3. Three-axis scaling approach
All scalable IoT applications can be scaled along all three dimensions – the X, Y, and Z axes.
Scaling along the X-axis
Scaling along the X-axis is achieved by dividing incoming requests between multiple servers so that many servers can handle requests. This is also called horizontal scalability and is typically achieved through an AEP by deploying load balancers.
Scaling along the Y-axis
Scaling along the Y-axis means dividing the workload based on actions. Simply put, Y-axis refers to the practice of splitting a single application into multiple standalone microservices based on their functionality. A typical example of this would be sending requests such as ‘read resource’ requests to X set of servers and sending other requests such as ‘update resource’ requests to Y set of servers.
Scaling along the Z-axis
Applying X and Y axis should suffice for most business applications. Z-scaling or data partitioning is the most scalability category. This is used primarily in the case of large enterprise applications that require extreme robustness.
4. Microservices architecture
As discussed earlier in this post, it is helpful to break down each application into multiple independent functional units, each of which performs one dedicated function. Each of these functional units should be independently deployable and executed. The functional units should also communicate with each other. This style of architecture is called microservices architecture.

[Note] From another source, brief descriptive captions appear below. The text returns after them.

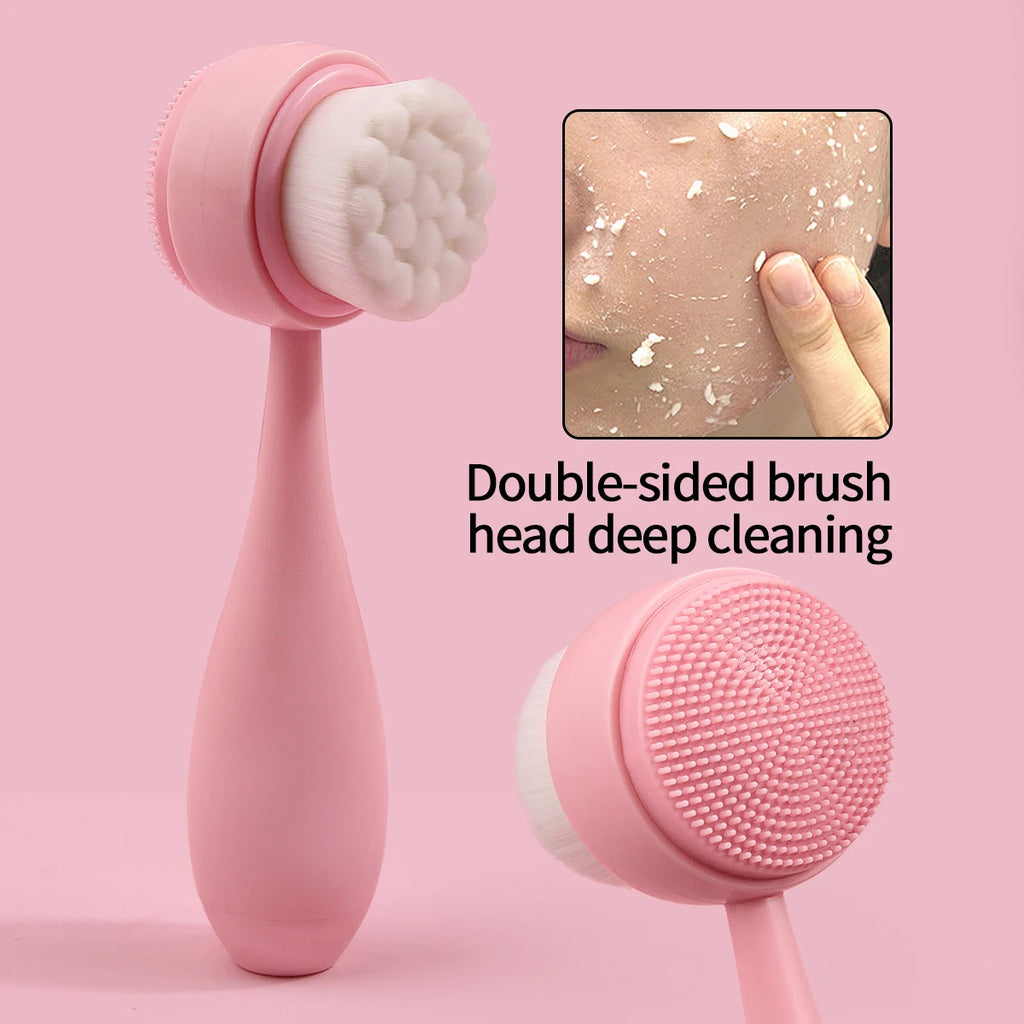 Pink double-sided manual facial cleansing brush with soft bristles and silicone scrubber for deep skin exfoliation.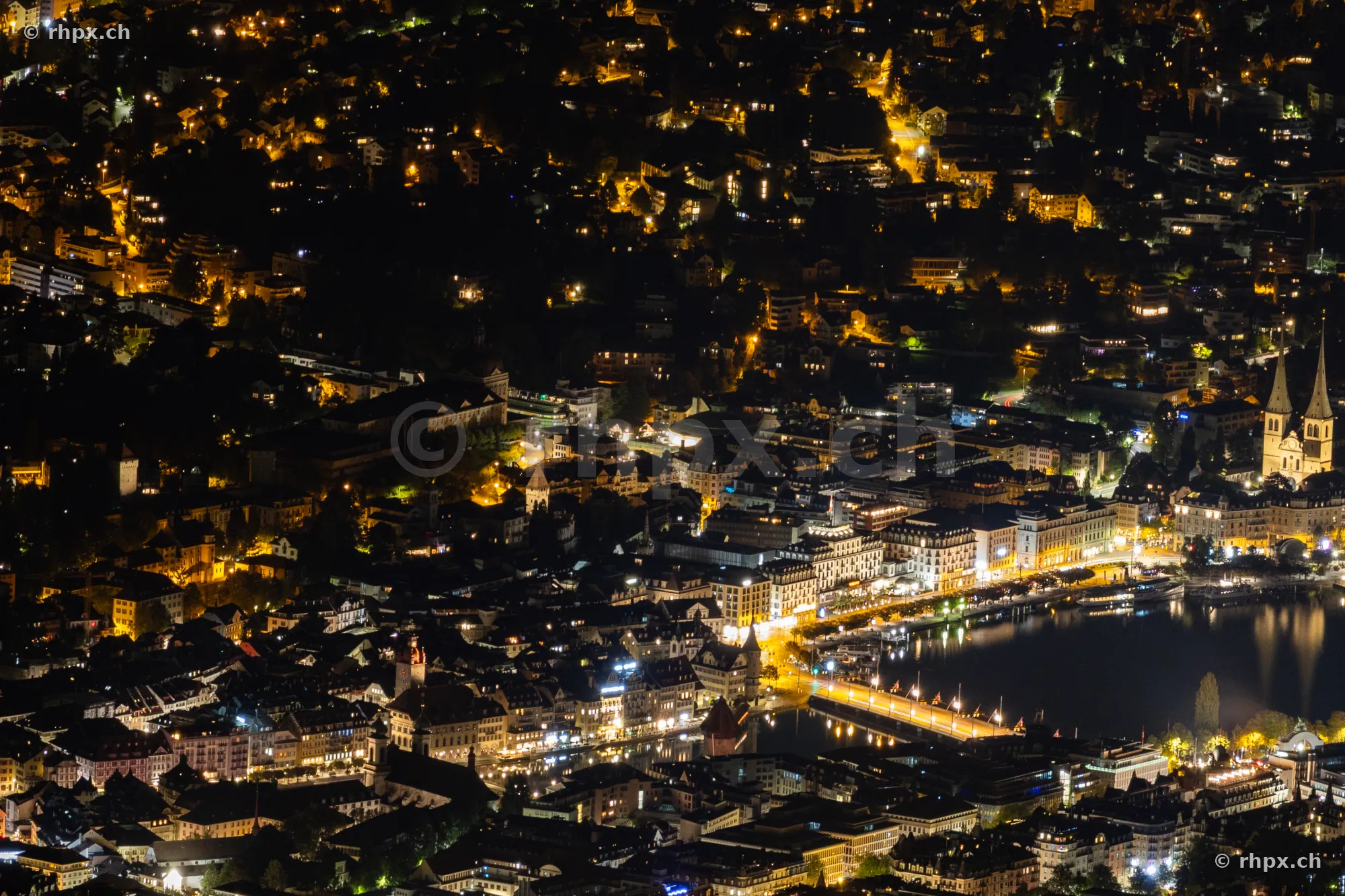 Night view of the illuminated city of Lucerne from Mount Pilatus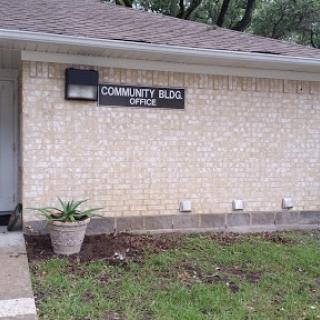 The exterior of a community office building featuring a clearly marked sign.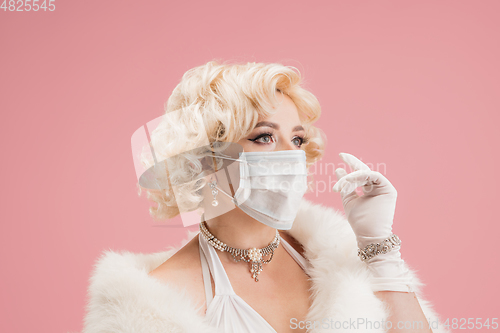 Image of Portrait of young woman in white dress on coral pink background. Female model as a legendary actress. Pin up. Concept of comparison of eras, modern, fashion, beauty.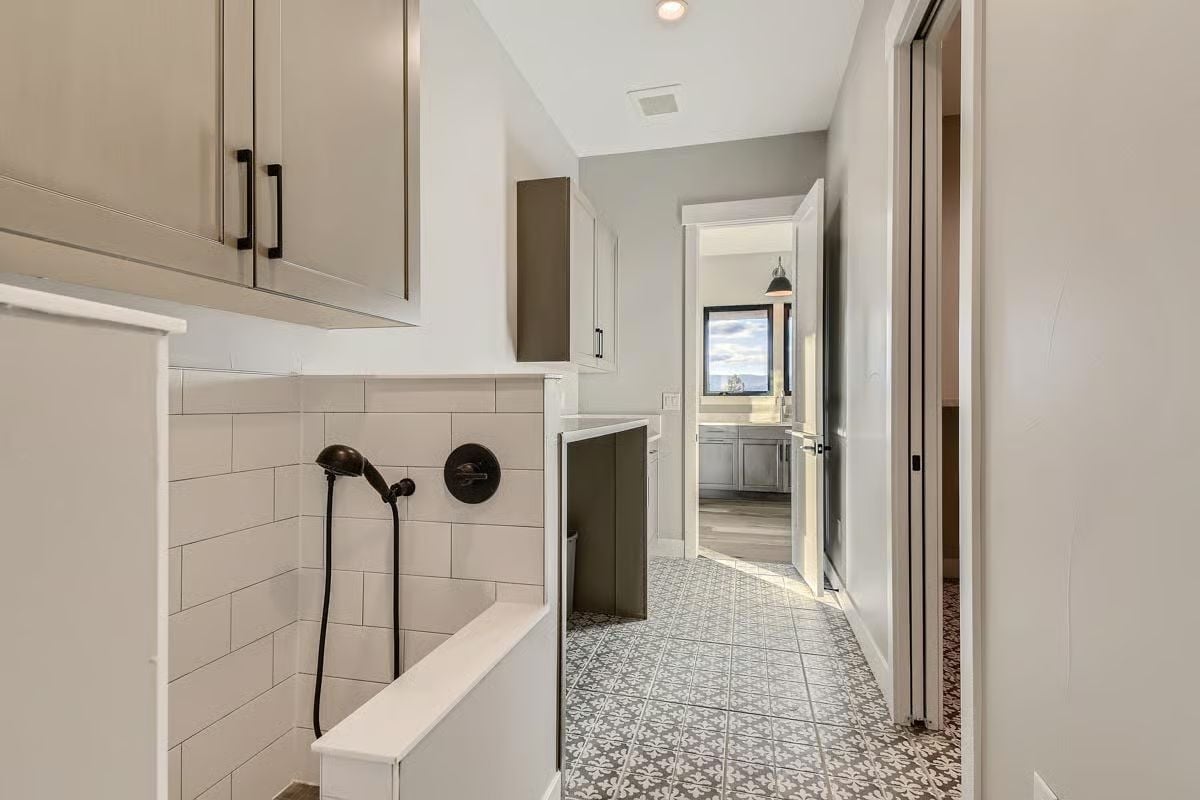 Subway Tile, Oil-Rubbed Bronze, and a Dog Wash Station That Pulls Real Weight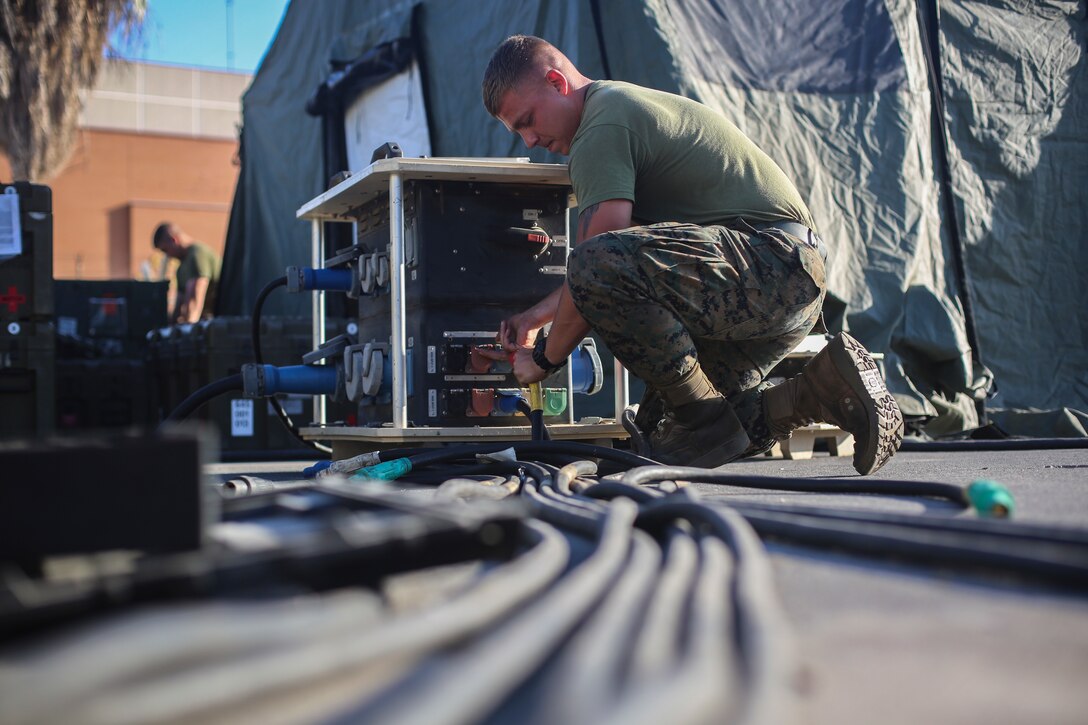 A U.S. Marine with Special Purpose Marine Air-Ground Task Force - Crisis Response - Africa 20.1, Marine Forces Europe and Africa, disassembles a forward resuscitative surgical system at Naval Air Station Sigonella, Italy, Oct. 1, 2019.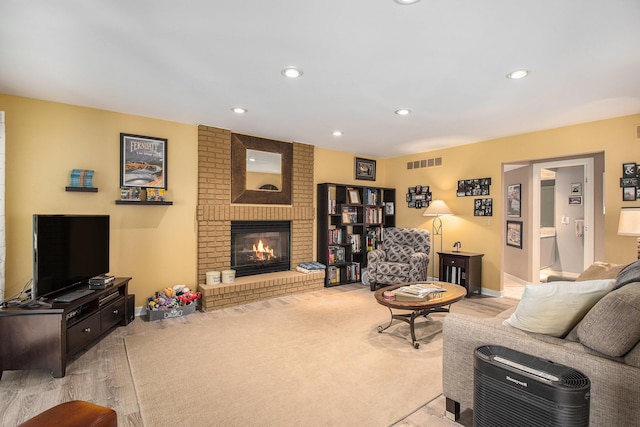 living room featuring a brick fireplace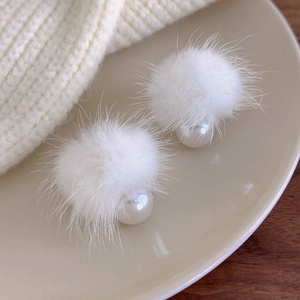 Winter elegant white fluffy faux mink fur ball earrings with pearls on ceramic tray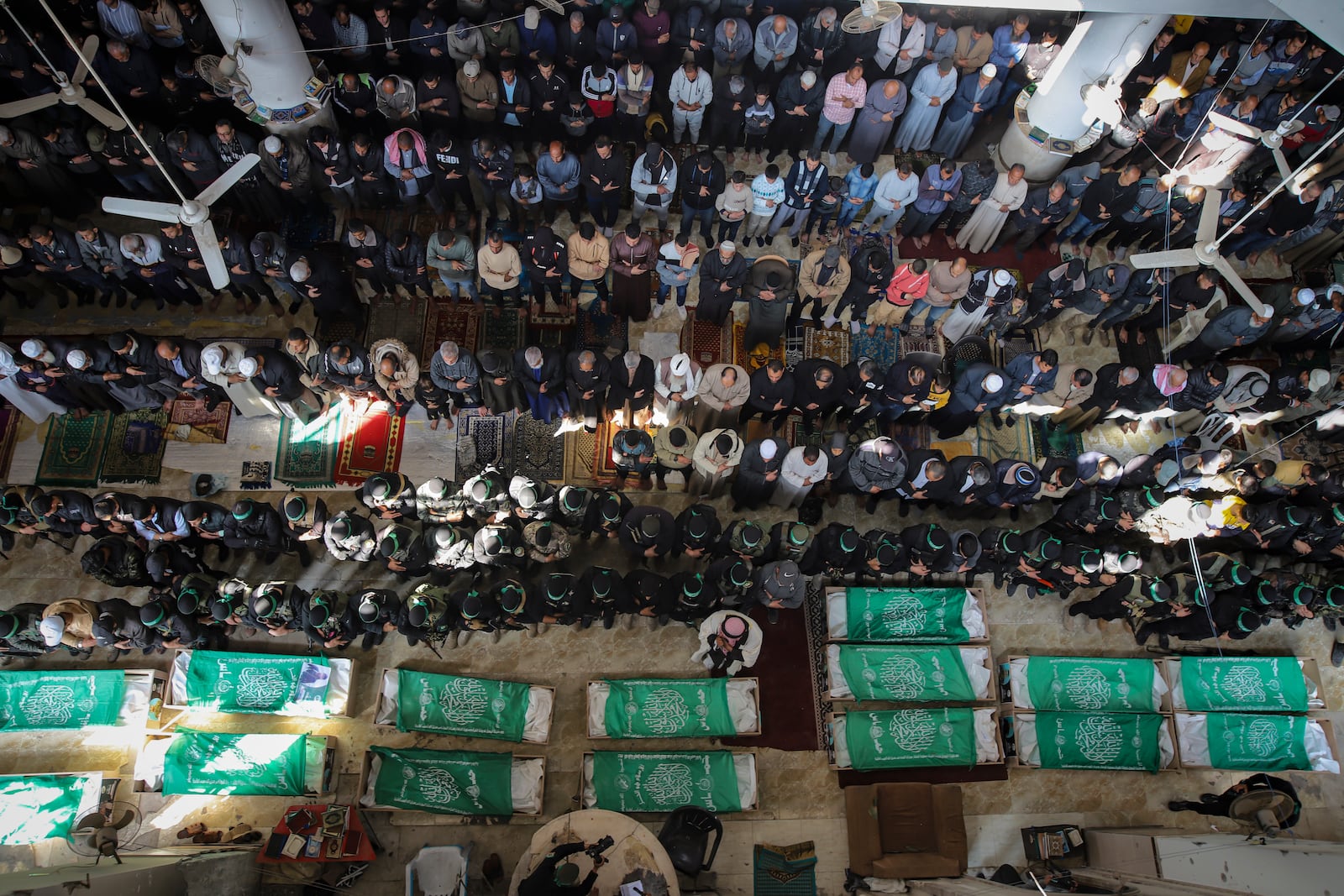 Palestinians pray by the bodies of fifteen members of the Izzedine al-Qassam Brigades, the military wing of Hamas movement, who were killed in Israeli bombardment of the Gaza Strip, in Khan Younis, Friday, Jan. 31, 2025. (AP Photo/Jehad Alshrafi)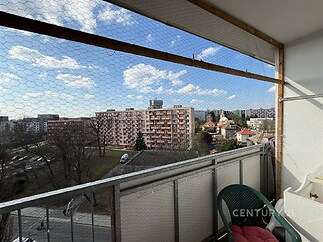 Balkon s výhledem na městskou zástavbu, kovové zábradlí, bezpečnostní síť, slunečné počasí, vhodné pro venkovní posezení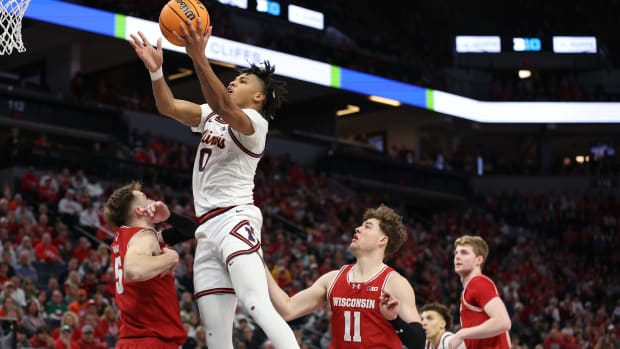 Mar 17, 2024; Minneapolis, MN, USA; Illinois Fighting Illini guard Terrence Shannon Jr. (0) goes to the basket over Wisconsin Badgers forward Tyler Wahl (5) in the second half at Target Center.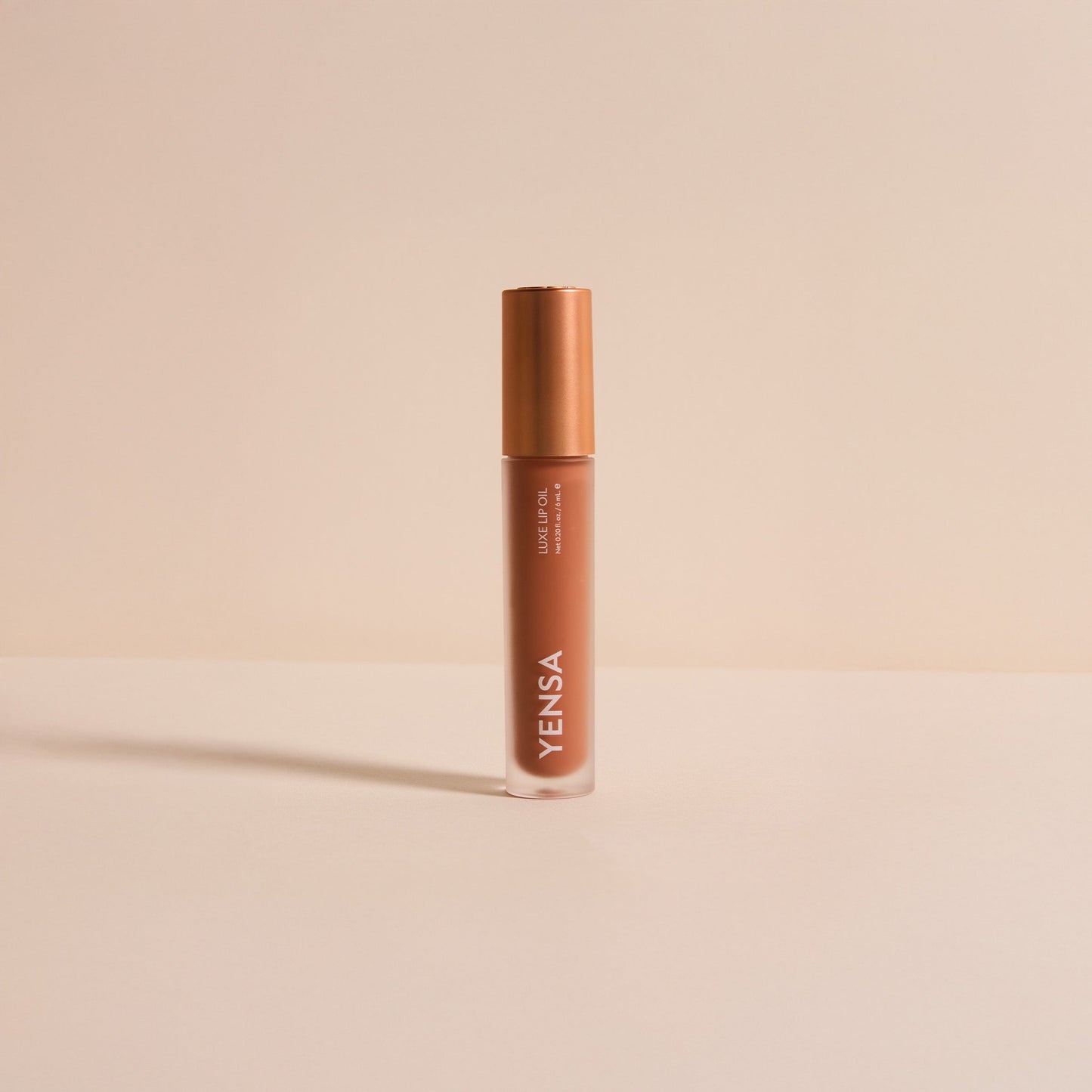 YENSA lip oil bottle with rose-gold cap, warm brown tinted gel
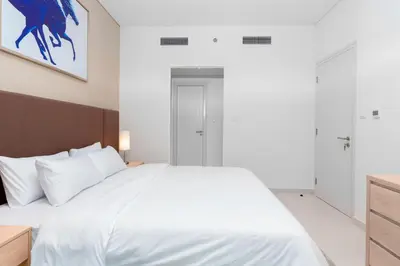 a bedroom with a large white bed with white pillows at The Seven Palm in Dubai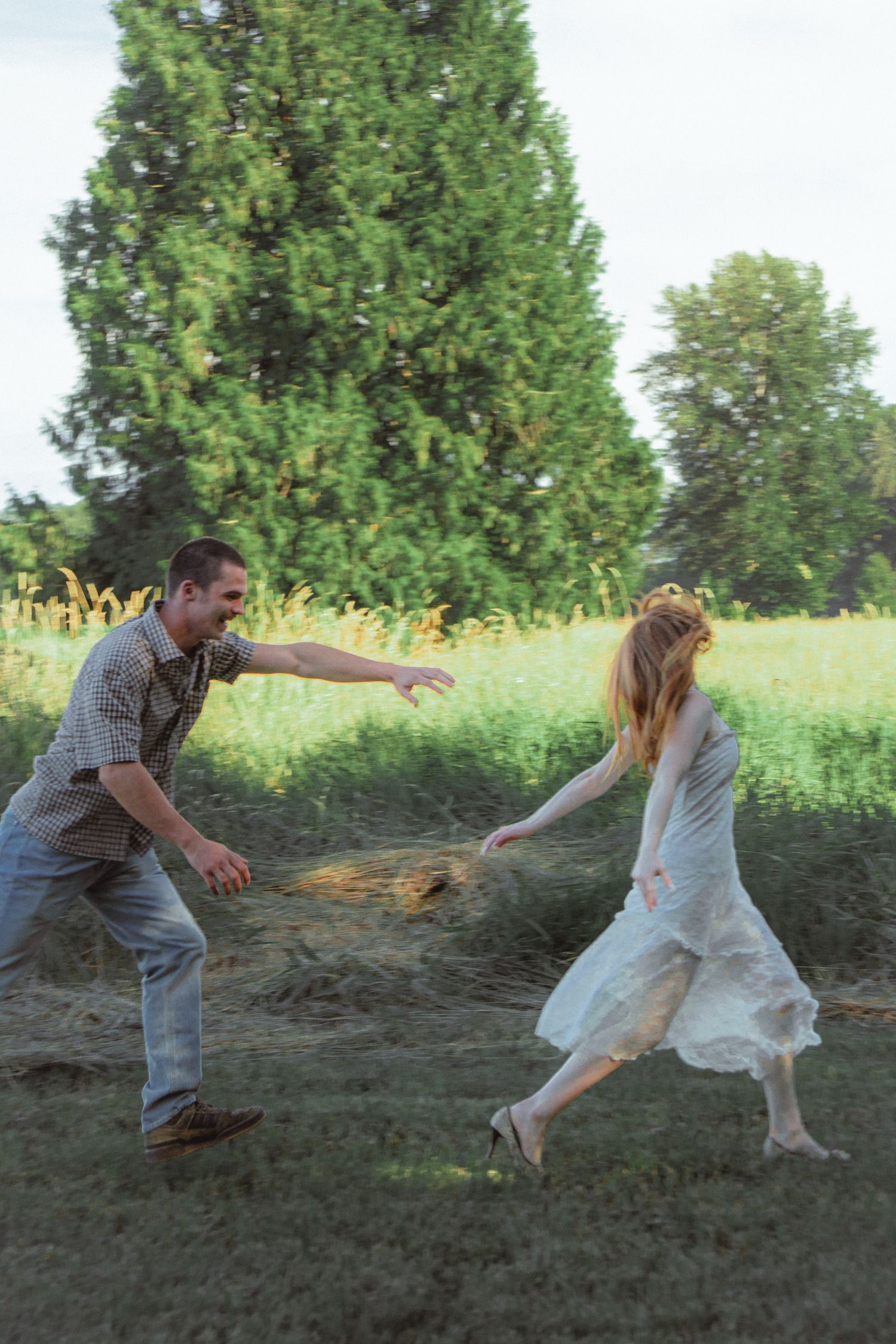 Playful couple running toward each other in a sunny green field, woman in flowing white dress.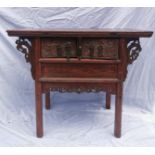 A Chinese late Qing dynasty hardwood altar table, the rectangular top above two central drawers with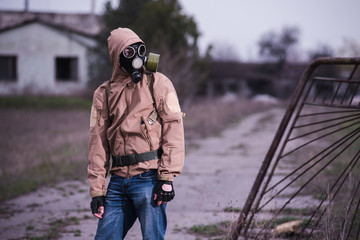 Man in gas mask, khaki jacket and blue jeans standing by the entrance to abandoned territory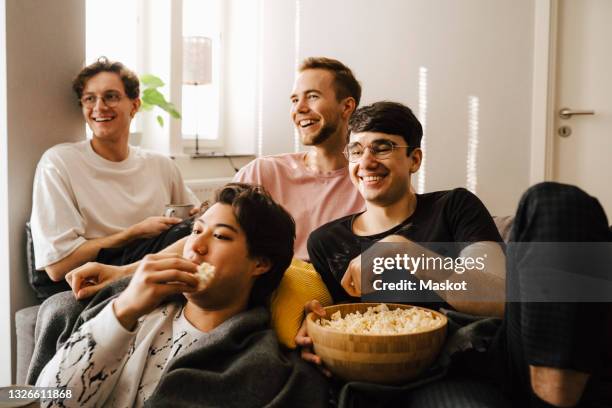 smiling male friends eating popcorn while watching sports at home - manly room stock pictures, royalty-free photos & images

In an IoT application, major functional blocks such as device and data management, data stream processing and enrichment, and event processing have to be broken down into one or more microservices. And this can be done very easily with the help of Application Enablement Platforms (AEPs). With an AEP, the application uses various microservices through an orchestration logic.
5. Multiple data storage
Data query and retrieval requirements, coupled with the analytics algorithms that run on the selected streamed data, typically determine the choice of data storage or database technology. Each microservice uses a component that is ideally suited for its needs. An AEP allows the IoT application to select the type of storage for structured and unstructured data.
As device functionality evolves, new users get added, and the overall network matures, it becomes imperative for organizations to enhance the scalability of their IoT applications to accommodate growth and hence technology requirements. A well-engineered IoT platform can help businesses create a flexible architecture for developing elastic IoT applications to support the ever-increasing number of devices, users, and data volumes.